▶ **What the exercise asks**
Restate word for word the lines of the listing below, from its first line through the line with "10 fotografías del", without the pictures.

#### Entries supplied

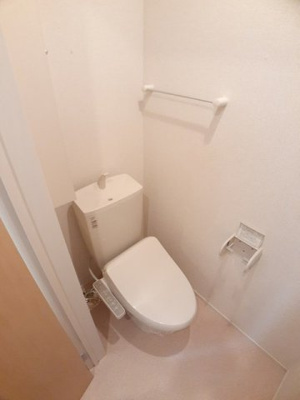 【トイレ】 | Ｆｕｍｉ | ゆったりとした空間のトイレです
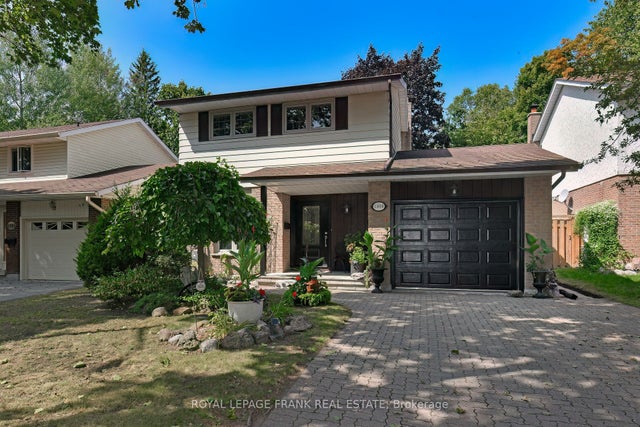 1104 Old Pye Court, Oshawa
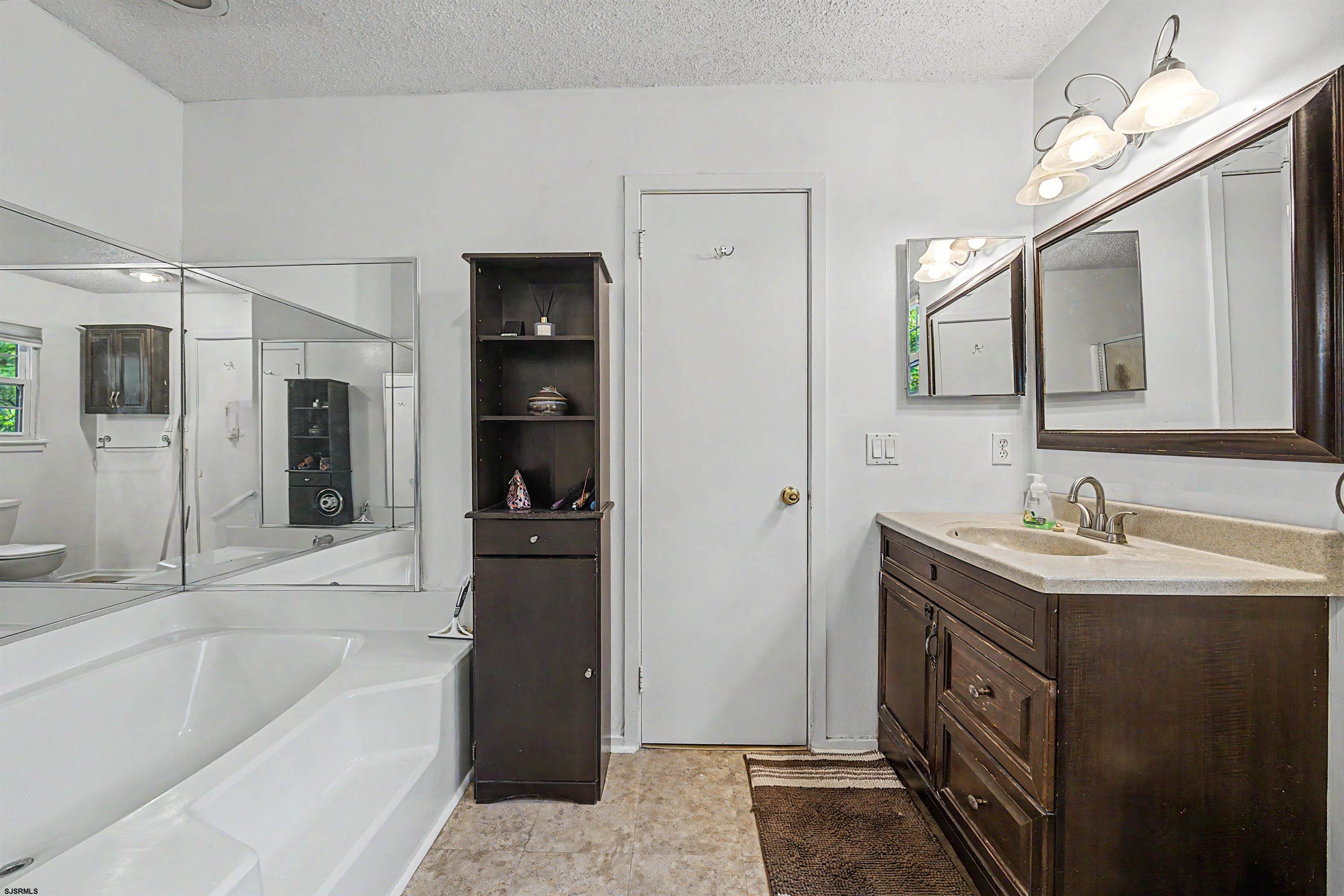 1 Cambridge Egg Harbor Township NJ 08234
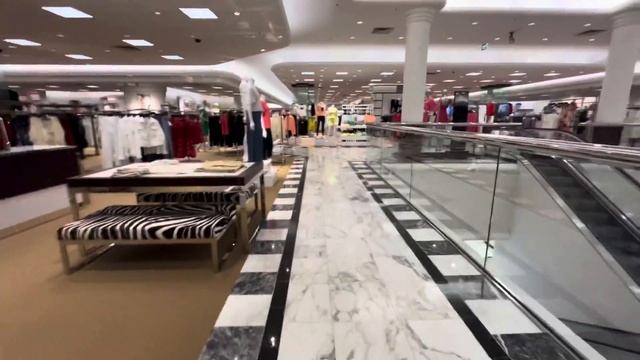 Schindler Escalators-Dillard’s-Columbiana Centre Mall-Columbia,SC смотреть онлайн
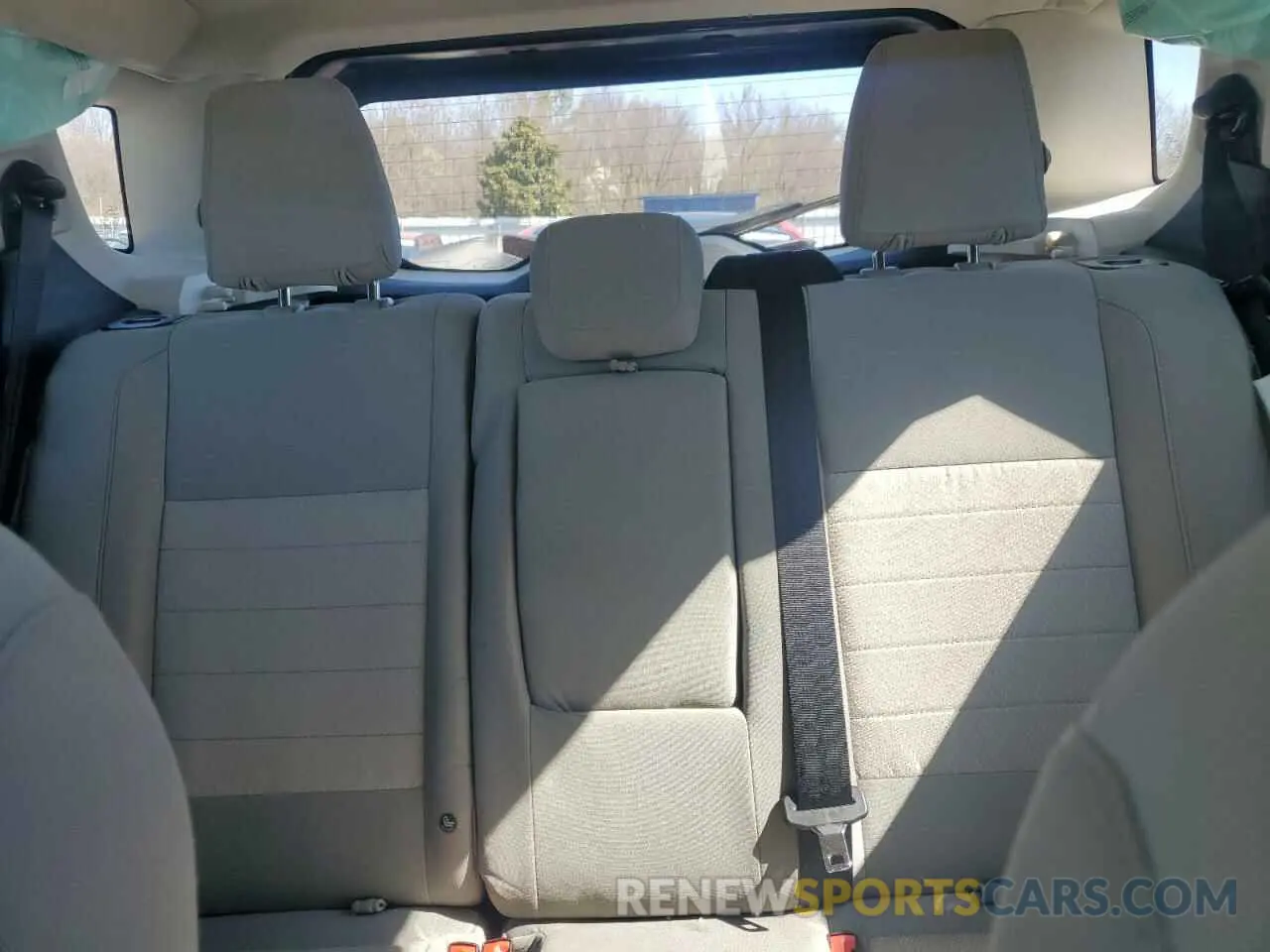 10 fotografías del automóvil dañado MAJ3S2FE5MC449321 FORD ECOSPORT 2021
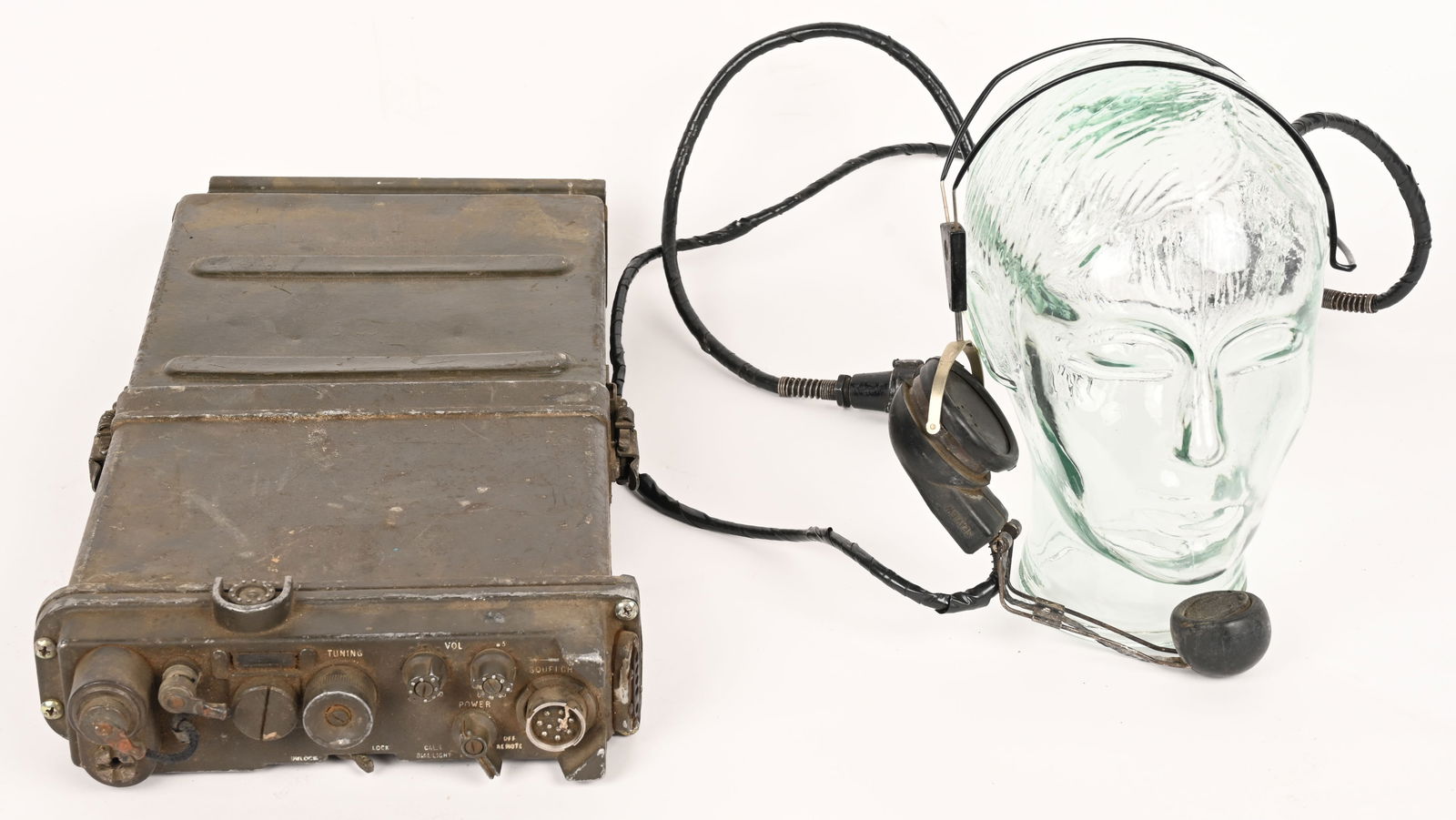 CANADIAN RT-5010 / PRC-510 MILITARY RECIEVER 1976: The RT-5010 / PRC-510 Military Receiver - Transmitter is a Canadian improved version of the PRC-10 RT-176A, covering a frequency range from 38 Mc/s to 54.9 Mc/s. Visible differences are a more finely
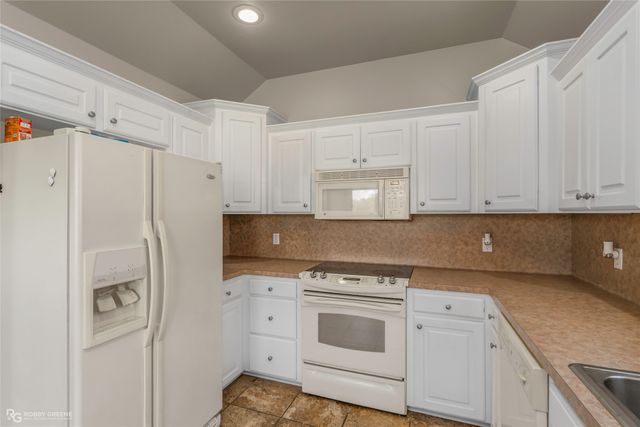 2210 Stockwell Road, Bossier City, LA 71111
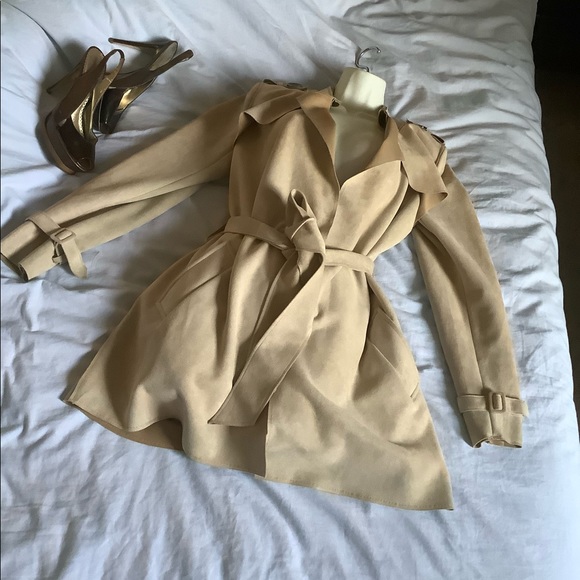 💥HP💥 MAKE OFFER -  high end Suede beige coat - Picture 6 of 13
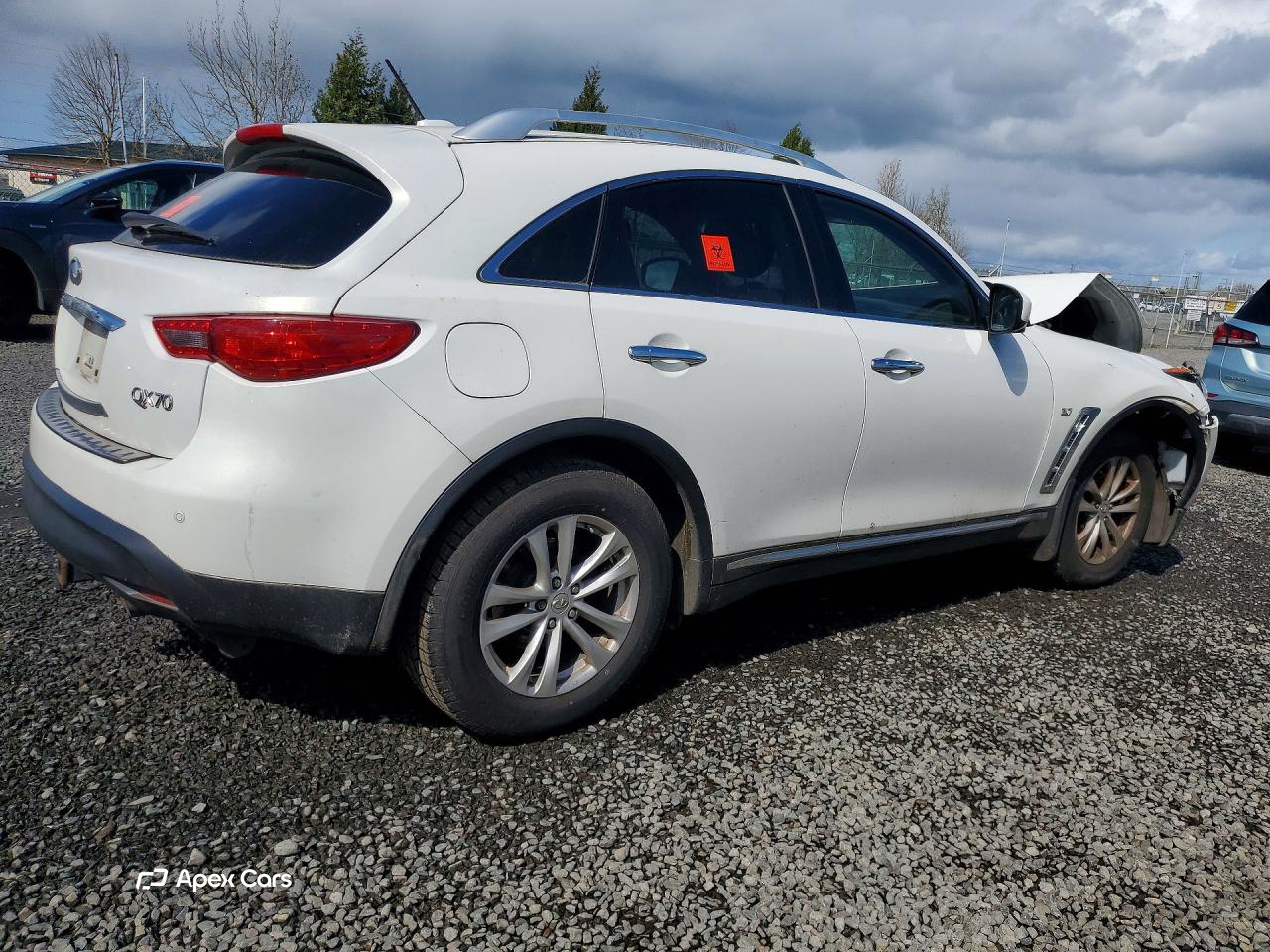 Infiniti QX70 2015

########

▶ **Solution to this exercise**
 【トイレ】 | Ｆｕｍｉ | ゆったりとした空間のトイレです
 1104 Old Pye Court, Oshawa
 1 Cambridge Egg Harbor Township NJ 08234
 Schindler Escalators-Dillard’s-Columbiana Centre Mall-Columbia,SC смотреть онлайн
 10 fotografías del automóvil dañado MAJ3S2FE5MC449321 FORD ECOSPORT 2021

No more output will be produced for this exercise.